NLP: Any libraries/dictionaries out there for fixing common spelling errors?

er214 · May 21, 2018, 10:25pm

I’ve done the same thing as you, although I’ve created a huge training set by using the transformation vector in reverse to corrupt correct spellings. You can basically iterate - start with a few example to create an initial vector, use this to create a larger set of misspellings, then use this to create a better transformation vector.

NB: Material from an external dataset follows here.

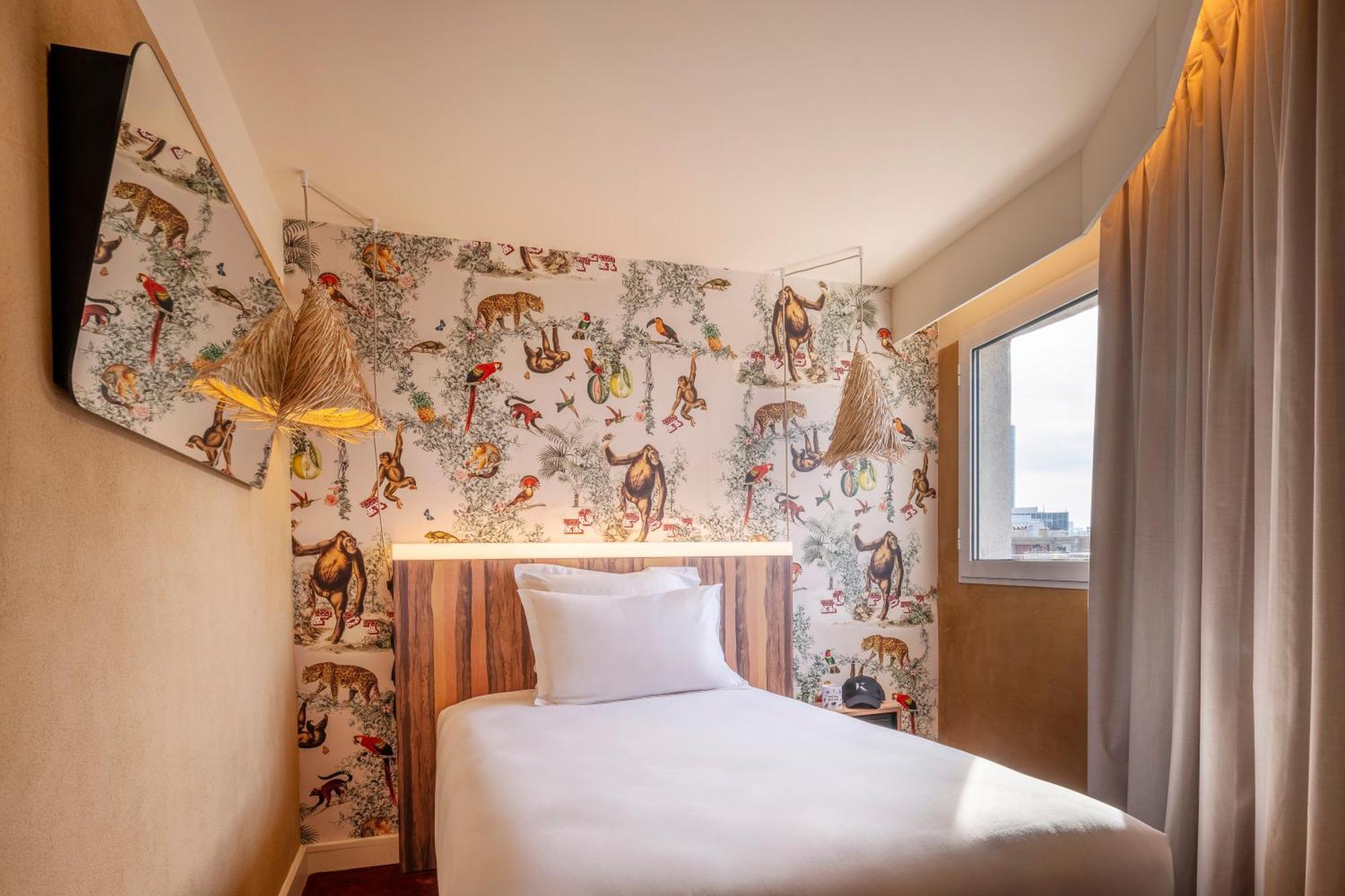 Kopster Hotel Paris Porte De Versailles Eksteriør billede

Another interesting thing you can do is to ‘score’ a word for how likely it is to be misspelled. You just take the dot product of the word vector with the transformation vector to see how far it points in the spelling direction. This gives a bit more of a clue as to why we have this pattern in the vectors. If you score all the vocab in this way there is a wide distribution of scores. At one end you find lots of business and government related words, and at the other you get very informal language such as ‘plz’ and ‘thnkx’ (and spelling mistakes + typos). So, I think the score is measuring something like the formality of the text: carefully edited and proofed texts (as you are likely to find consistently in business news stories) sit at one end of the distribution, which extends through to the informal language used in unedited comments in forums / emails / twitter.

It then starts to make sense why the model which built the vectors has behaved in this way: when it see words like ‘plz’ and ‘thnx’ it will know it is more likely to encounter the incorrectly spelled versions of words; and the reverse is true when you find mention of ‘businesses’.

Regarding a full write up, I’m in the middle of it. I’ve got a job interview tomorrow, but will hopefully get something published - along with the code - on Wednesday.